One of the most important resolutions adopted by the Sixteenth Party Conference which met in April 1929 paved the way for the initiation of the First Five-Year Plan, according to the so‑called "optimum variant."1 It committed the entire Soviet Union to the utmost exertion and sacrifice in order to meet the demands of the required industrial construction. Agriculture came to play a crucial part in this plan. Thirdly, oppositionist tendencies in the Party were eliminated and the so‑called "Right" (Bukharin) deviation was crushed.2

The issue of collectivization of agriculture soon appeared on the Party agenda. In order to obtain complete control of agricultural production and marketing, the Party began to introduce collectivization on a mass scale and at a rapid pace. In practise this meant that the peasants were denied all those property rights which had been guaranteed them by the decree on land, issued on November 8, 1917.3 A prerogative, which they had regarded as the great reward of the Revolution, was swept away. It was obvious that such a measure would increase the hostility of the peasantry towards the regime, yet without it the full control which the Party sought over the peasants, would be impossible.

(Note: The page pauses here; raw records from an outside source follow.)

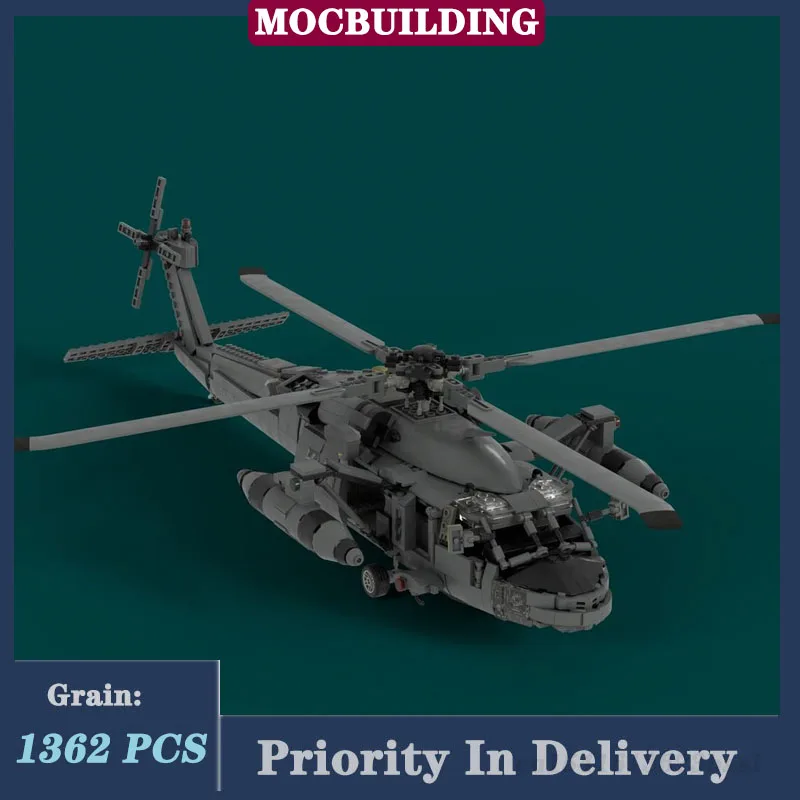 MOC City Helicopter Transport Model Building Block Assembly Military Boy Toy Collection Series Birthday Gift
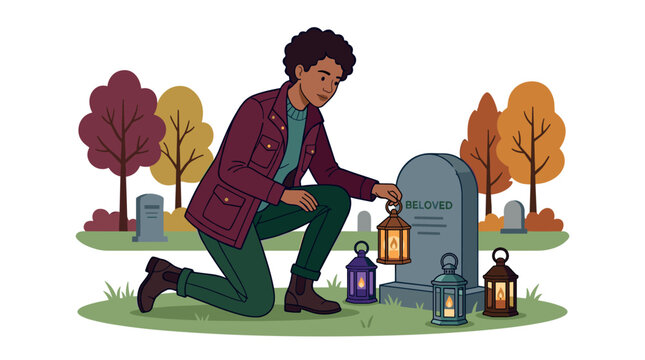 Woman kneeling at grave placing lanterns, remembering a beloved person with respect and sorrow during an autumn memorial service in a peaceful cemetery.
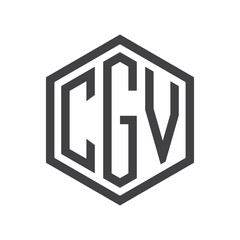 three-letter initials hexagon logo black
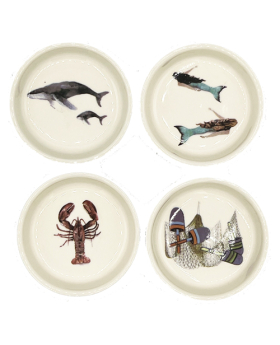 4 assorted Lobster themed ceramic Trinket Dishes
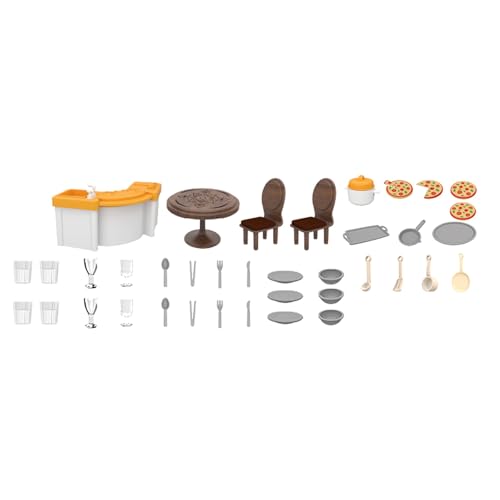 Miniaturmöbel Set Für 1/12 Dollhouses Esszimmer Küche Badezimmer Wohnzimmer Mit Zubehör Für Szene Dekore von YUGSHNKFC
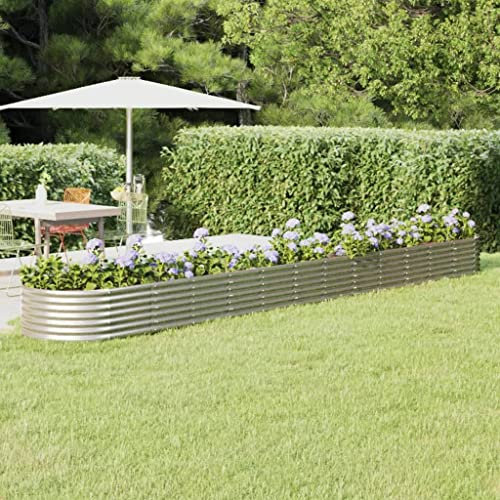 puraday Jardinière surélevée pour jardin 512 x 80 x 36 cm - Jardinière pour plantes, terrasse, potager, spirale d'herbes - XXL - Jardinière surélevée en métal - En acier - Argenté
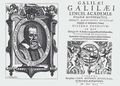 Frontispis portrétní (Lyon 1641). Galilei, Galileo: Systema cosmicum: in quo dialogis IV. de duobus maximis mundi systematibus, Ptolemaico & Copernicano, rationibus utrinque propositis indefinite disseritur (Lyon, Johann Antonius Huguetan 1641). Frontispis s podobiznou autora od kreslíře a rytce Clauda Audrana st. Jde o druhé latinské vydání původně italského spisu Dialogo sopra i due massimi sistemi (poprvé Firenze 1632), stavícího Kopernikův systém nad ptolemaiovské chápání vesmíru. Antikvariát Meissner (Praha).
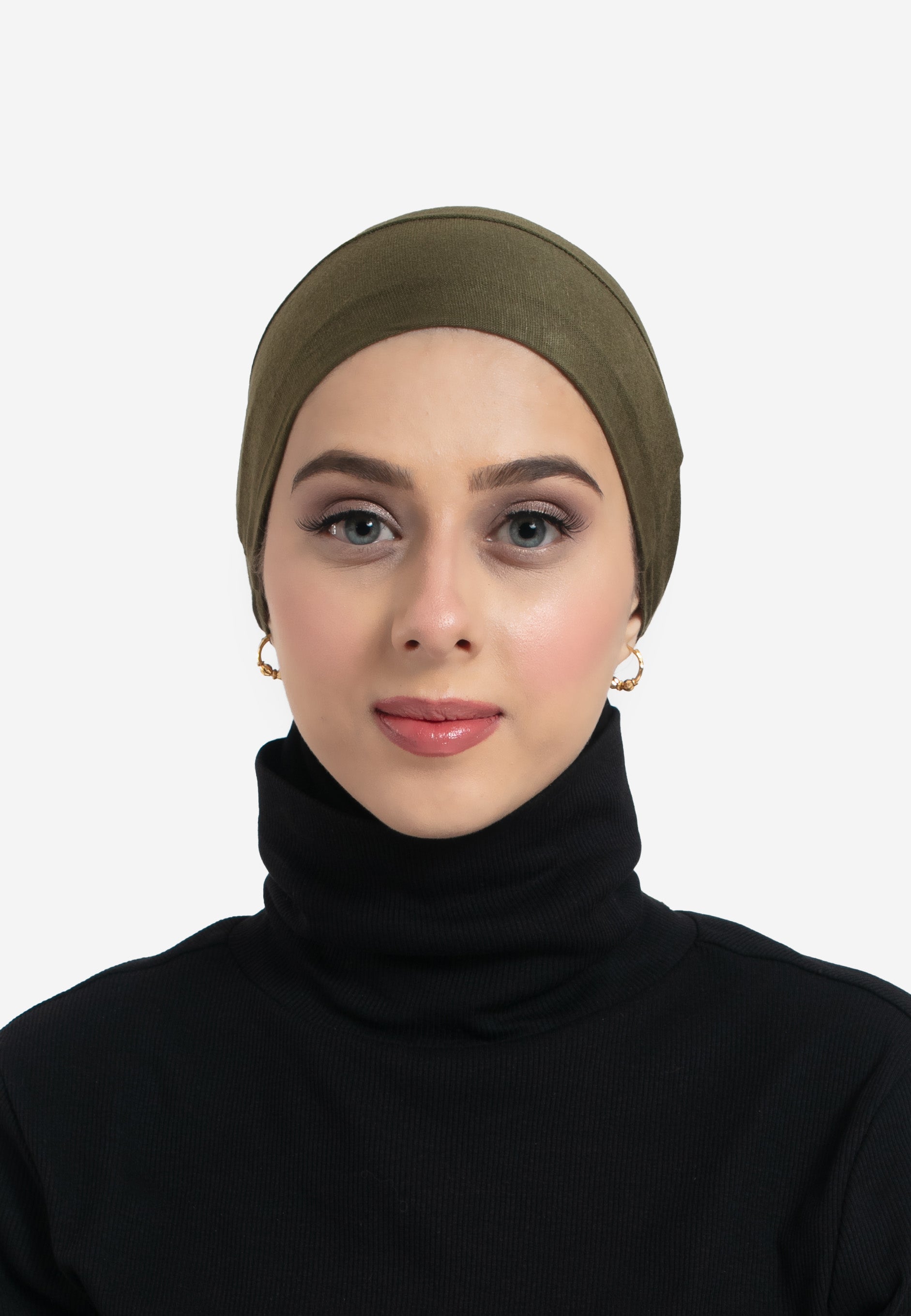 Olive Tie Back Hijab Cap - Front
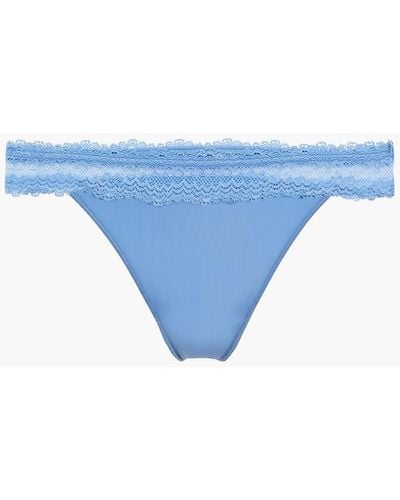 Simone Perele Lace-trimmed Stretch-jersey Thong - Blue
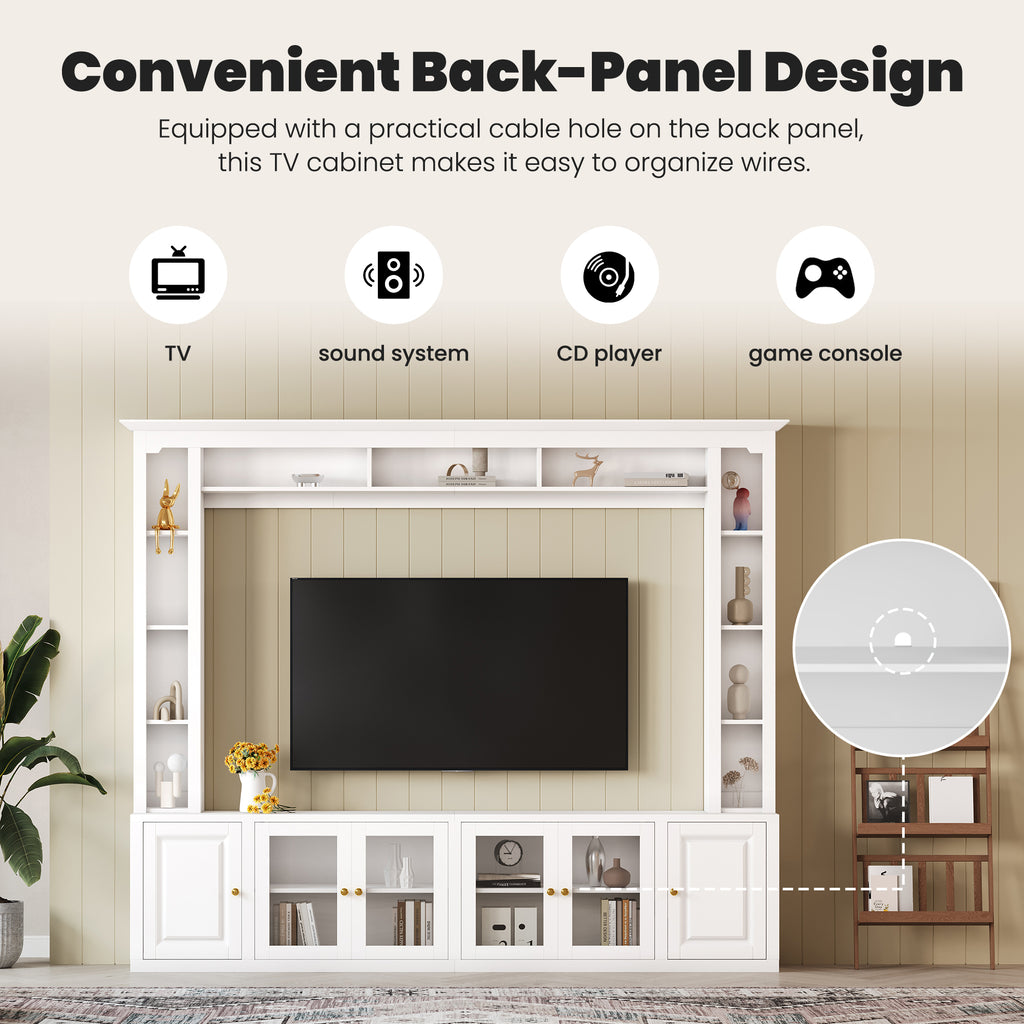 4-Piece Modern Entertainment Center Wall Unit with Bookshelves, All-in-1 Large TV Stand with Tempered Glass Door for TVs Up to 80', 92inch Media Console with Adjustable Shelves for Living Room, White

In declaring war on the peasants, Stalin simultaneously initiated his first major move against the Ukraine, where the tradition of individual farming was especially strong. That country, the second largest in the Soviet Union, and famous for its agricultural and mineral resources, was destined to play a leading role in the conflict which was obviously impending. The plans worked out in the Kremlin for the "grain-collection campaign" and for the "collectivization of agriculture" were aimed against the basic economic and social order of the Ukrainian peasantry. The peasants soon understood their meaning and reacted against them with the force and determination of a people fighting for life itself. The resistance of the Ukrainian peasantry to collectivization, glibly described by Soviet historians as the  p6 "recalcitrance of the kulaks," spread to such an extent that, at the end of 1930, it became a serious threat to the regime. Stalin and his lieutenants realized that if they were to overcome this resistance they must use stark terror and brute force. To justify these Stalin issued the battle‑cry "For the Liquidation of the Kulaks as a Class," which initiated one of the bloodiest eras of his reign.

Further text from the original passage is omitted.